#### [EXERCISE DETAILS]
Please transcribe the data exactly as shown, skipping the images.

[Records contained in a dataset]
____
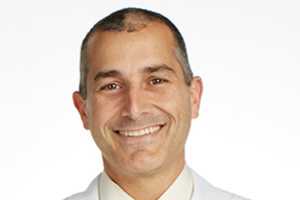 ONS Doctor Helps Football Players' Shoulders Stay Sharp This Season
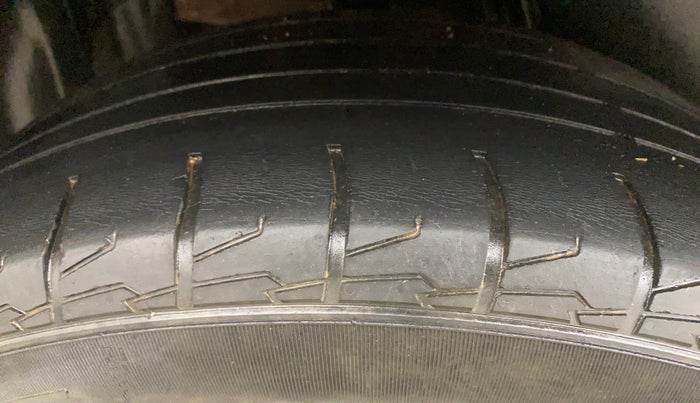 2020 Nissan Kicks XV 1.5, Petrol, Manual, 1,05,805 km, Right Rear Tyre Tread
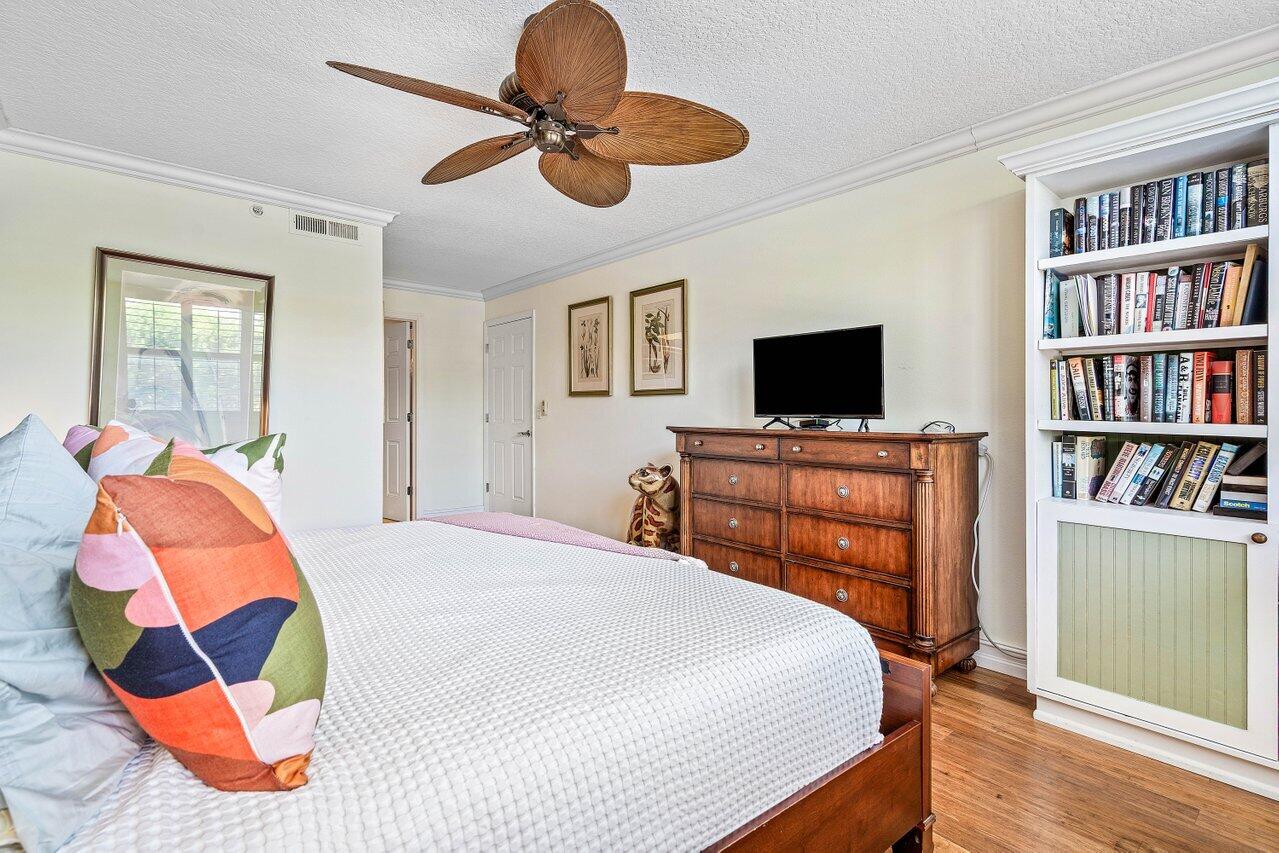 3606 S Ocean Boulevard 201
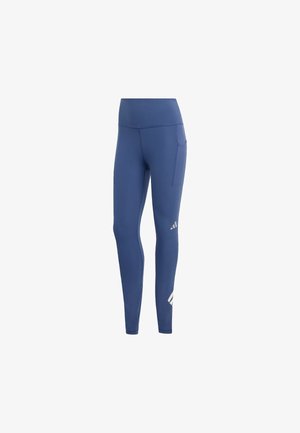 Marineblauwe sportlegging met hoge taille, gladde textuur, zijzak en wit logodetail op het onderbeen en de heup.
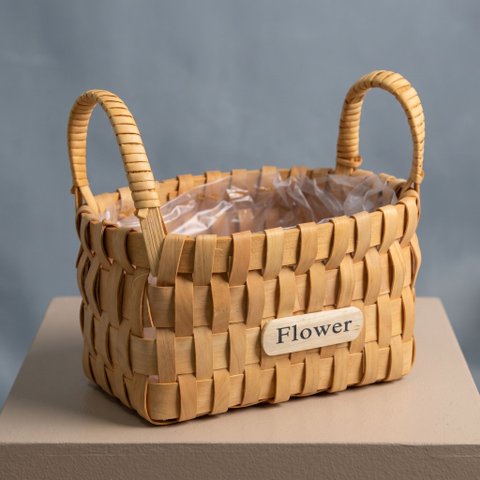 Cesto Decorativo de Vime Flowers Retangular Marrom Claro com Alças 27 x 27 x 20 cm para Plantas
____
#### [EXERCISE RESPONSE]
 ONS Doctor Helps Football Players' Shoulders Stay Sharp This Season
 2020 Nissan Kicks XV 1.5, Petrol, Manual, 1,05,805 km, Right Rear Tyre Tread
 3606 S Ocean Boulevard 201
 Marineblauwe sportlegging met hoge taille, gladde textuur, zijzak en wit logodetail op het onderbeen en de heup.
 Cesto Decorativo de Vime Flowers Retangular Marrom Claro com Alças 27 x 27 x 20 cm para Plantas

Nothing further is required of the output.